Sobre morte e sonho

Eu sempre acreditei que a vida fosse uma espécie de eternidade finita, uma passagem do material para um brilho estrelar, uma conspiração magnífica em ser feliz e não procurar o fim do que quer que fosse (porque um dia ele sempre chega, seja de um problema, de uma alegria, de uma realização ou de uma vida). Mas quando vamos crescendo, as estrelas cadentes deixam de ser o pedido que a gente sonha ao cruzar os dedos e passam a ser um risco rápido que num piscar de olhos é inevitavelmente esquecido. A gente vai crescendo, vai observando os carnavais passarem e de repente se depara com uma sexta-feira 13, um Halloween em plena Ação de Graças. A vida tenta, de todas as maneiras, cruéis e incrédulas, tirar a esperança, a fé e a visão de que o dia amanhã vai nascer, e com todo o clichê, que depois da tempestade sempre vem um sol. Nem que você faça um borrão dele no quintal de casa. Ele vem. E a gente nunca percebe isso.

Não nos ensinam a dizer adeus. Nunca. Minha infância foi marcada por uma música que até hoje me vejo cantarolar pelos cantos da casa. Ela dizia mais ou menos assim: “Professora, que corrige os erros meus, me ensina a dizer eu te amo, mas não me ensina a dizer adeus…”. Até que o fim do ano chega, e aquela senhorinha que nos ensinou a ler, deixa de ser a nossa tia e agora a chamamos de tia Mônica, ou tia Simone ou tia Shirley, pra distinguir da que conheceremos no próximo ano. E então a gente aprende a respeitar, a pedir desculpas, a agradecer, a sorrir sempre, sempre que possível, porque tristeza, meu bem, é tudo que a gente não precisa nessa vida. Mas não nos ensinam as despedidas, o ‘até logo’, o ‘a gente se vê por aí’, e como diz a música, o ‘adeus’. A gente não aprende a fechar o ciclo. O ciclo que desde tão novos aprendemos. Tão metódico, tão circunscrito no seu próprio mundo, tão completo, e ao mesmo tempo tão vago e real. A gente não aprende a dizer ‘tchau’, tampouco a recebê-lo.

O tempo voa. A gente cresce. E se não tivermos cuidado com o que pensamos e escutamos, morrem os sonhos, desde muito cedo. Acredito nos sonhos como quem acredita na verdade. Tão fiel e exato quanto a metodologia dos conceitos prontos de felicidade descritos repetidamente nos livros de Augusto Cury. Se não são os sonhos que nos formam e nos guiam, eu não sei o que pode ser. Peço o perdão da palavra, mas é o sonho que nos derruba e que nos levanta. Puxa-nos e devolve-nos ao chão. Mas está sempre brilhando em algum lugar. O nosso digníssimo Augusto dos Anjos resumiu isso muito bem quando escreveu que “a mão que afaga é a mesma que apedreja”. O sonho é assim. E isso serve pra tudo nessa vida.

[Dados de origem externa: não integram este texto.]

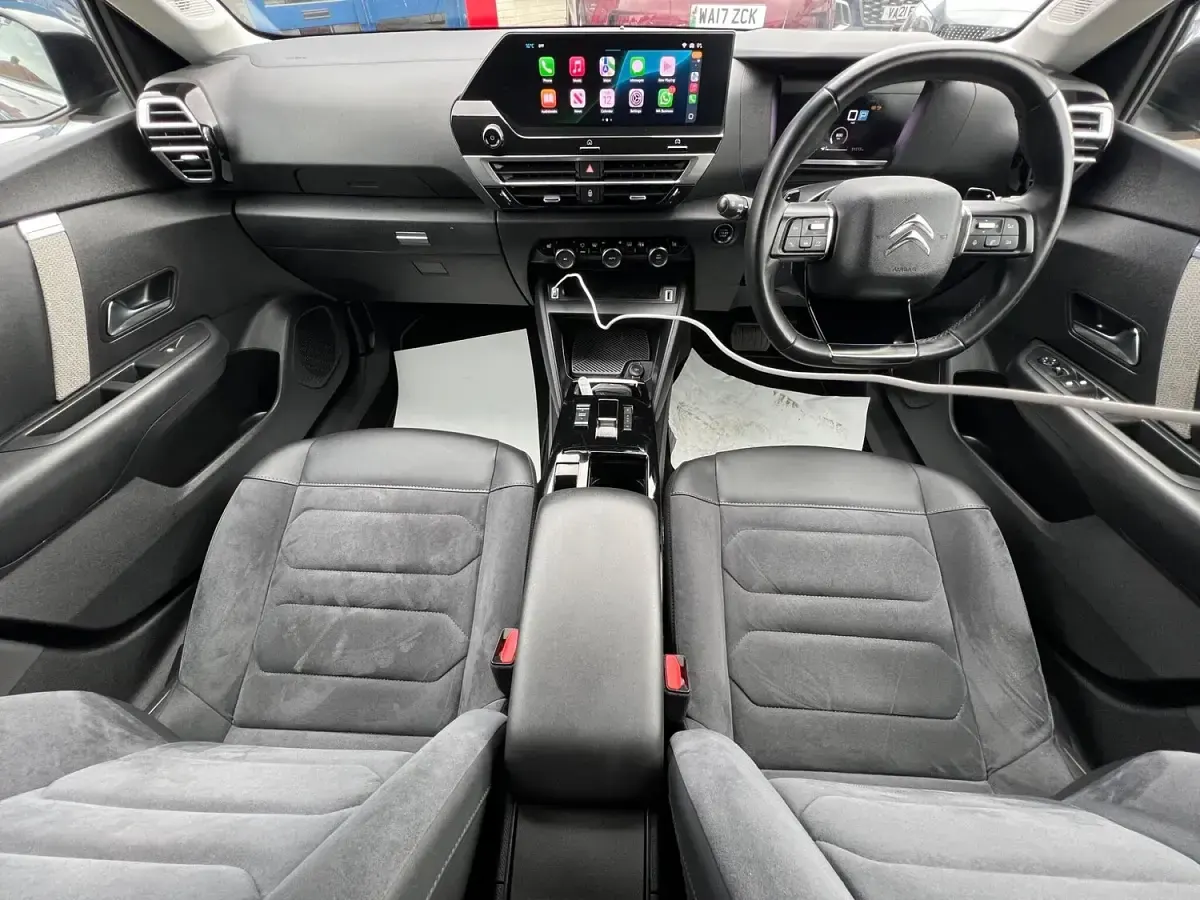 Used Citroën C4 Shine 2023 Grey SUV
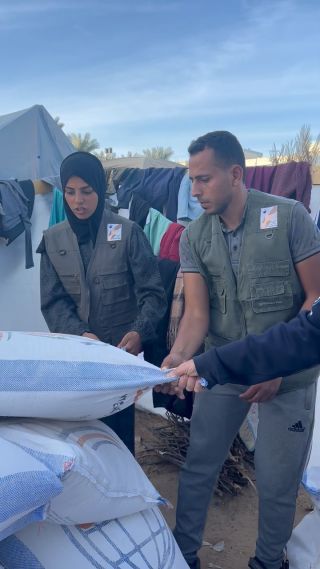 |الحمد لله اليوم التاني على التوالي توزيع طحين من نورديسك يلب السويدية 
#غزة #فلسطين #اكسبلور|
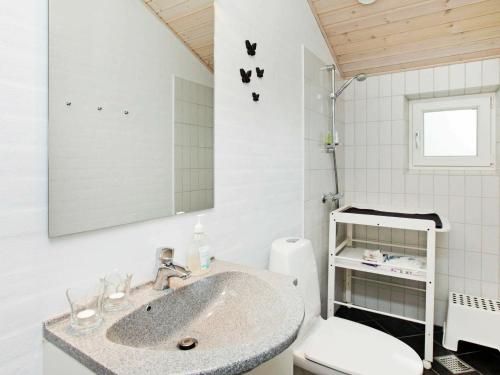 Kupatilo u objektu Holiday Home Søgårdsvej IV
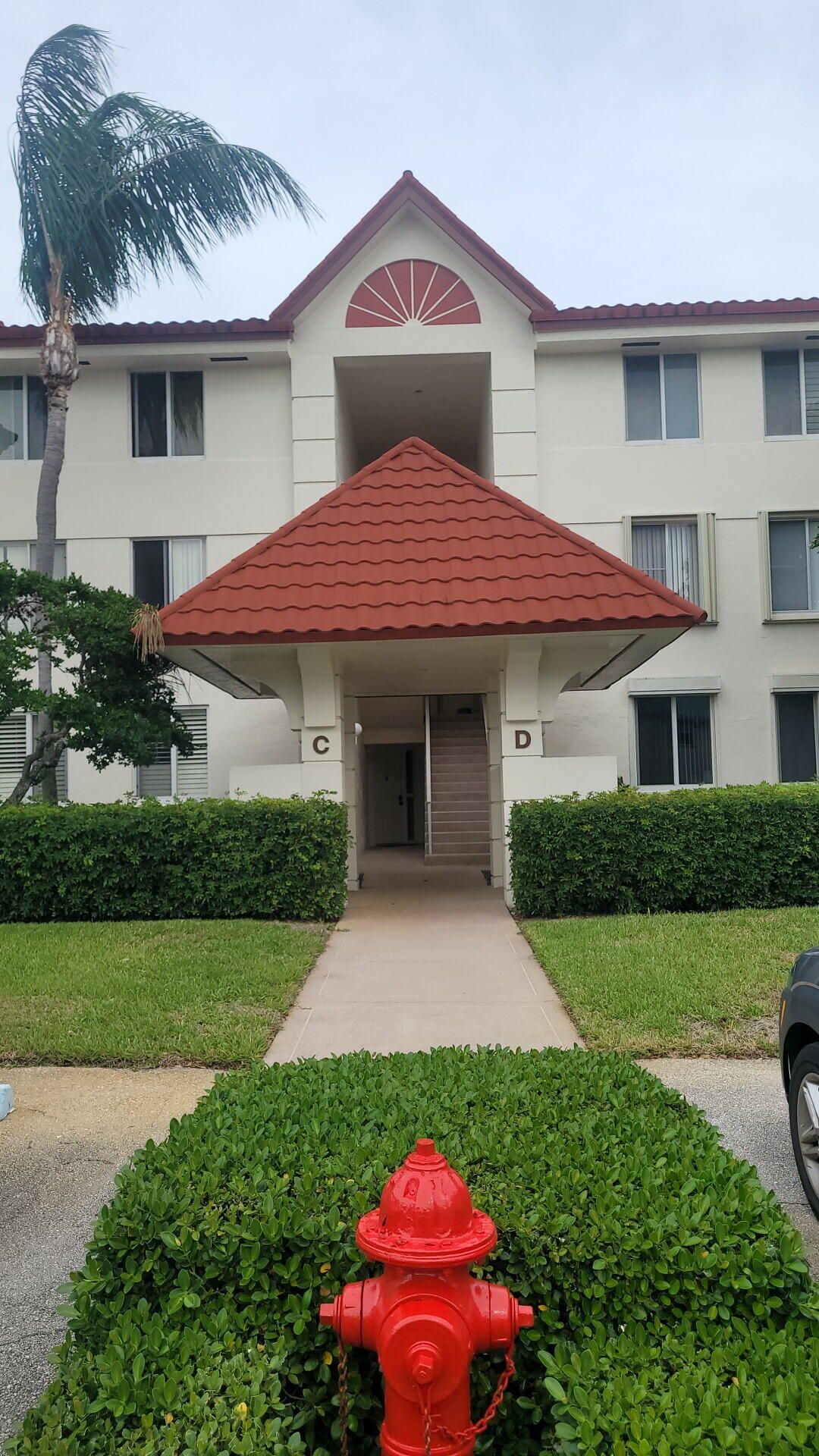 110 Half Moon Circle D3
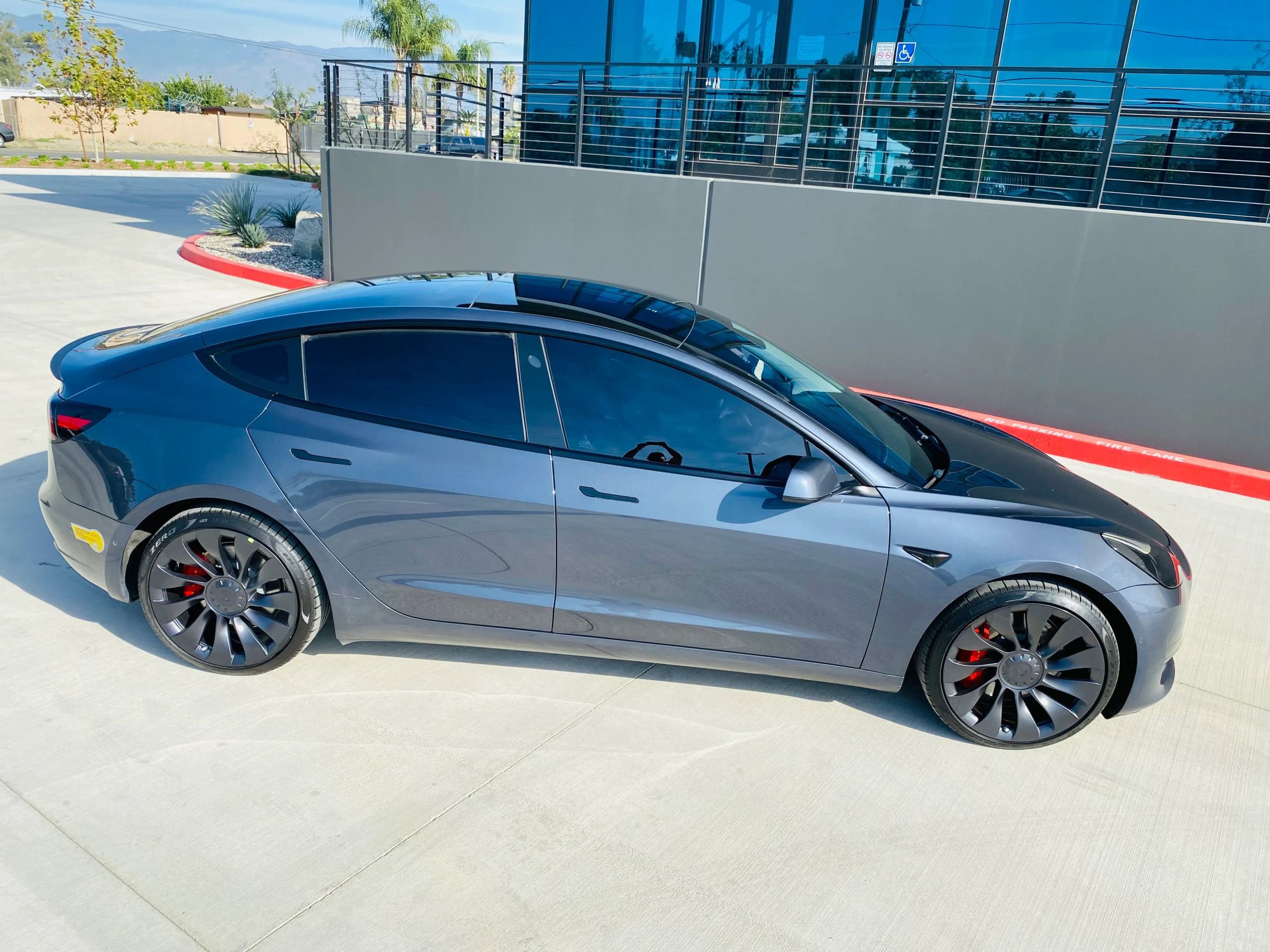 Used 2022 Tesla Model 3 Performance image 15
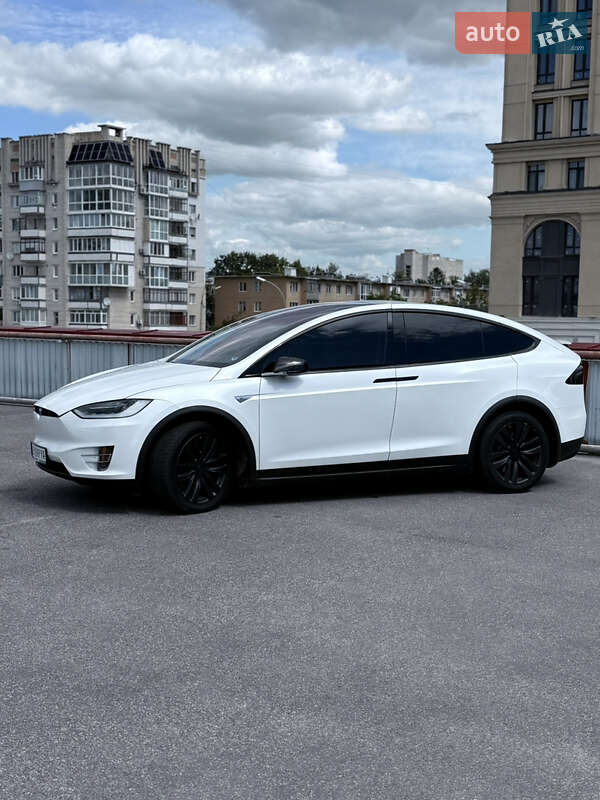 Позашляховик / Кросовер Tesla Model X 2016 в Вінниці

Retornando ao ‘morrer’ de fato, sem entrelinhas, sem parênteses, aspas ou ítálicos. Voltando ao morrer propriamente dito, o que tenho a dizer é que certas coisas não precisamos aprender a nos despedir. Com meu pensamento ainda de criança, eu sempre acreditei que a morte só viria numa velhice quase infinda, e que qualquer morte antes disso seria uma puta duma injustiça. Ainda acredito na teoria prática de que (e Cazuza que me desculpe) morrer dói, sim. Não no morto ou no defunto, como friamente falaria Machado de Assis. Mas dói. Dói na alma do próximo e (me desculpem a piada infame) na do distante. Dói naquele que sente, que vive e que está nesse mundo pra sonhar. Os sonhadores com tudo nesse mundo estão a desfalecer. Mas sempre há uma luz, uma fitinha do senhor do Bonfim da Bahia, uma nova promessa, um novo truque ou superstição para nos fazermos acreditar novamente no milagre da renovação. Há sempre uma rosa desabrochando num dia frio, um sol riscado no quintal de casa e uma criança te sorrindo, mostrando que tudo pode ser bem simples se enxergarmos além do nosso mundo.